Excellent, thank you so much. Ron. I’m just gonna go ahead and I know we’re getting close on time. I wanna make sure that we can get to q and a. I just wanna do a quick summary of some of the things that that I’ve heard that I heard and that we discussed. One is that, you know, organizations have made huge investments in, into data, and many have seen results, but often the needs continue to outstrip the capacity of that 3%, that 97%. Those line of business teams, they’re often closest to the problems. They have their own data and they have often, they have difficulty tapping into all the great investments that the 3% have made. And so Domo, as you’ve seen today, truly enables that complete self-service data journey, empowering the 97% to use fresh and updated data sources from the Lakehouse as well as their other data sources to solve problems rapidly.
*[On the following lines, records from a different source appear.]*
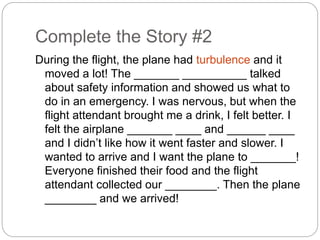 Complete the Story #2 
During the flight, the plane had turbulence and it 
moved a lot! The _______ __________ talked 
about safety information and showed us what to 
do in an emergency. I was nervous, but when the 
flight attendant brought me a drink, I felt better. I 
felt the airplane _______ ____ and ______ ____ 
and I didn’t like how it went faster and slower. I 
wanted to arrive and I want the plane to _______! 
Everyone finished their food and the flight 
attendant collected our ________. Then the plane 
________ and we arrived! 
 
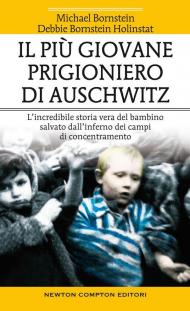 Il più giovane prigioniero di Auschwitz. L'incredibile storia vera del bambino salvato dall'inferno dei campi di concentramento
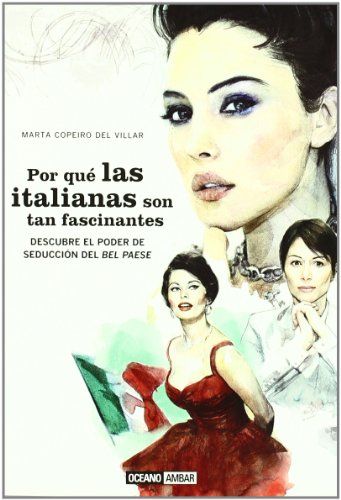 POR QUÉ LAS ITALIANAS SON TAN FASCINANTES. DESCUBRE EL PODER DE SEDUCCIÓN DEL BEL PAESE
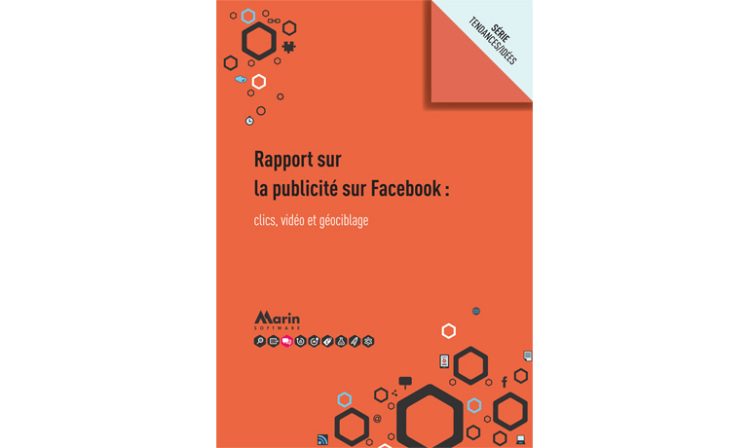 La publicité Facebook est plus ciblée et plus mobile selon une étude de Marin Software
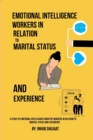 Image for A Study Of Emotional Intelligence Industry Workers In Relation To Marital Status And Experience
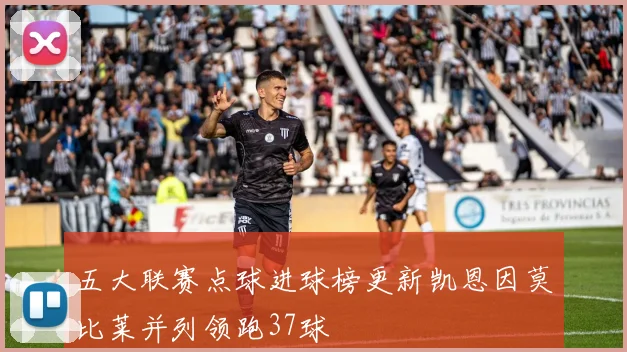 五大联赛点球进球榜更新凯恩因莫比莱并列领跑37球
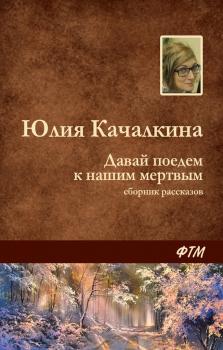 Давай поедем к нашим мёртвым (сборник) - Юлия Качалкина 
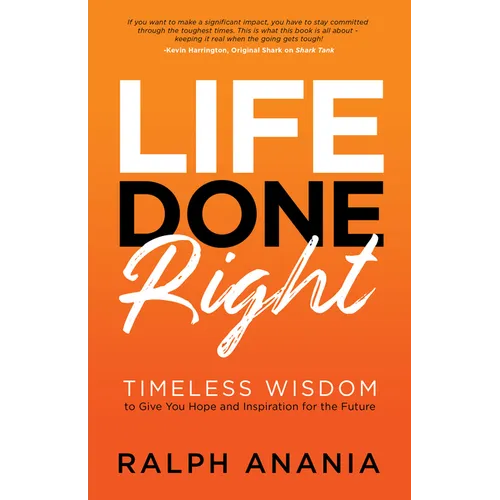 Life Done Right: Timeless Wisdom to Give You Hope and Inspiration for the Future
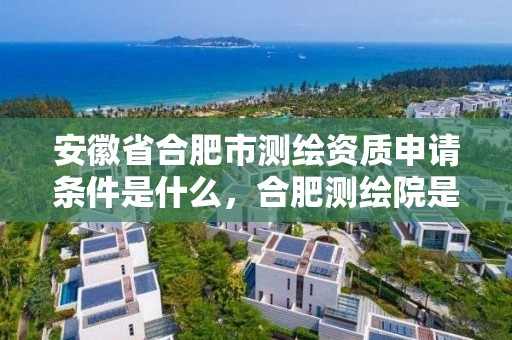 安徽省合肥市测绘资质申请条件是什么，合肥测绘院是什么单位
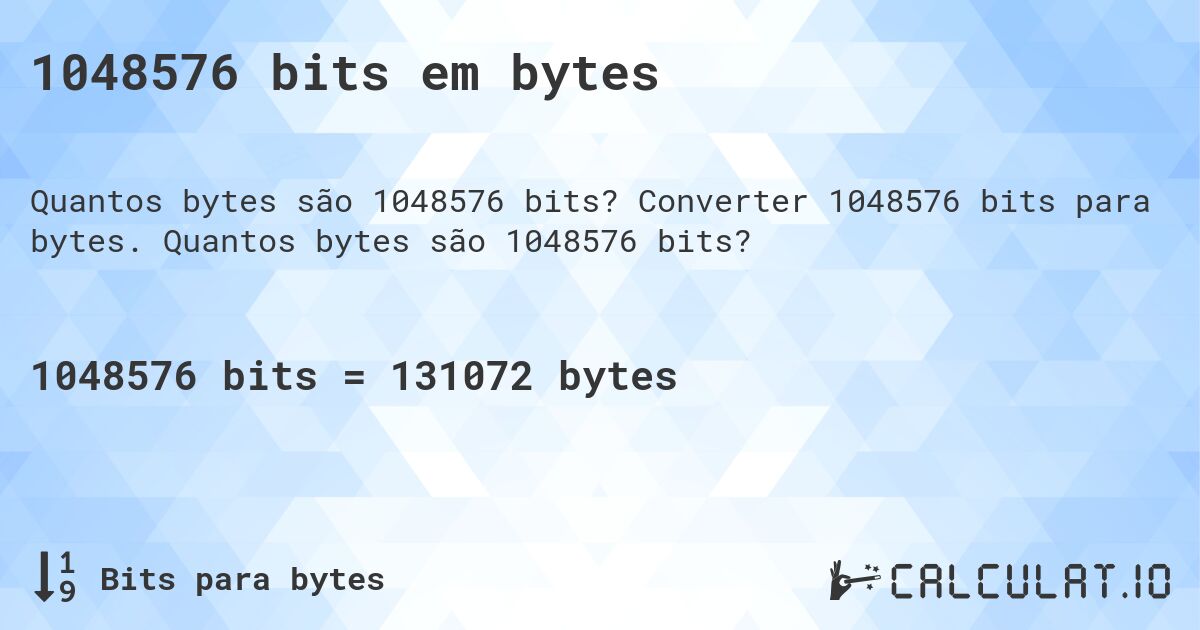 1048576 bits em bytes. Converter 1048576 bits para bytes. Quantos bytes são 1048576 bits?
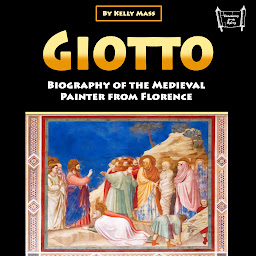 Obraz ikony: Giotto: Biography of the Medieval Painter from Florence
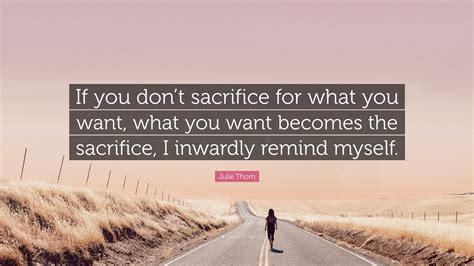 Julie Thorn Quote If You Dont Sacrifice For What You Want What You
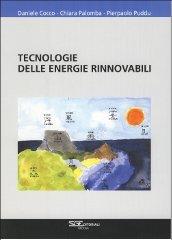 Tecnologie delle energie rinnovabili di Daniele Cocco, Chiara Palomba, Pierpaolo Puddu edito da S.G.E.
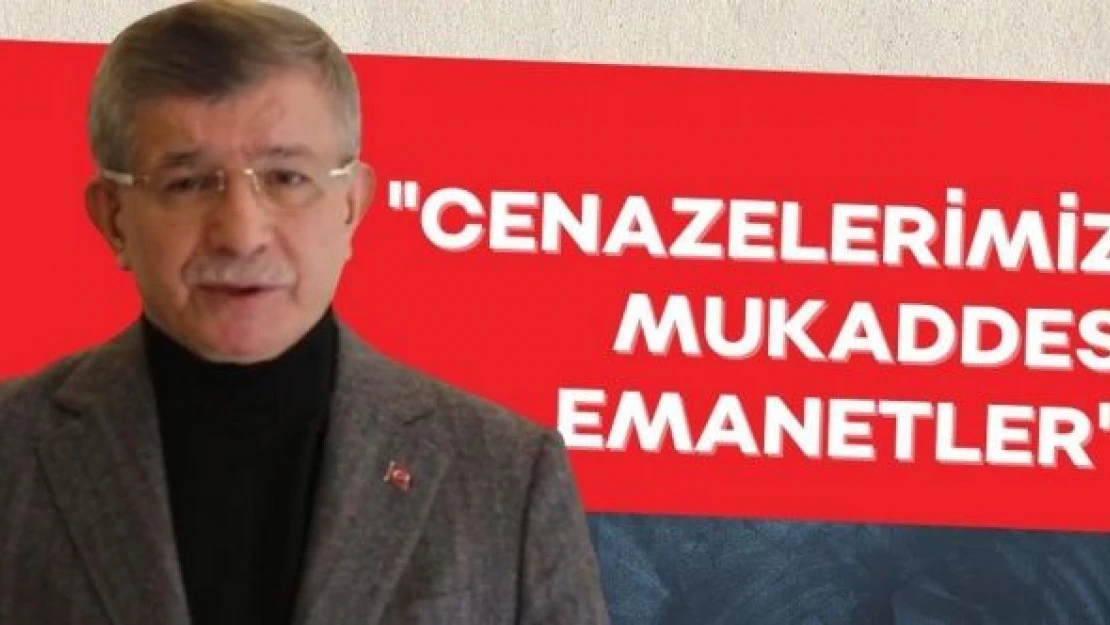 Davutoğlu: &quotCenazelerimiz mukaddes emanet"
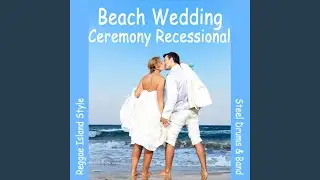 Ceremony Recessional (Beach Wedding)
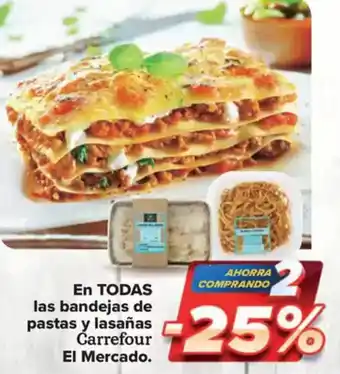 Carrefour Market CARREFOUR EL MERCADO En TODAS las bandejas de pastas y lasañas oferta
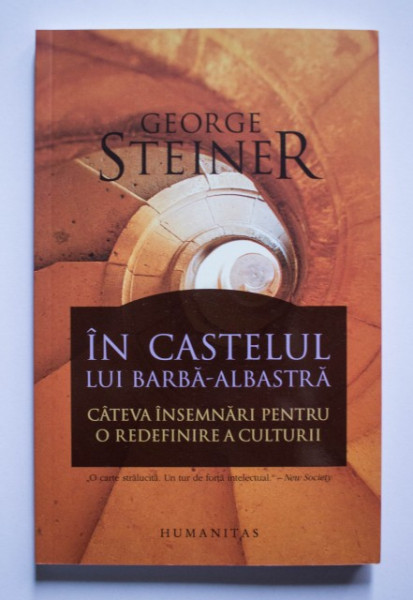 George Steiner - In castelul lui Barba-Albastra. Cateva insemnari pentru o redefinire a culturii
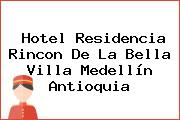 Hotel Residencia Rincon De La Bella Villa Medellín Antioquia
And these empowered business users, I gave you examples or shared examples of these data athletes. They’ve had huge impact on the organization’s bottom line. And for many of us here in, in this audience, I think we are the tech and often data leaders in our organizations. And Domo is one of those key enablers that, you know, when you marry it with platforms like Dremio that truly transform the company and that help elevate all of the great investments that your teams have made. So with that, I want to thank you.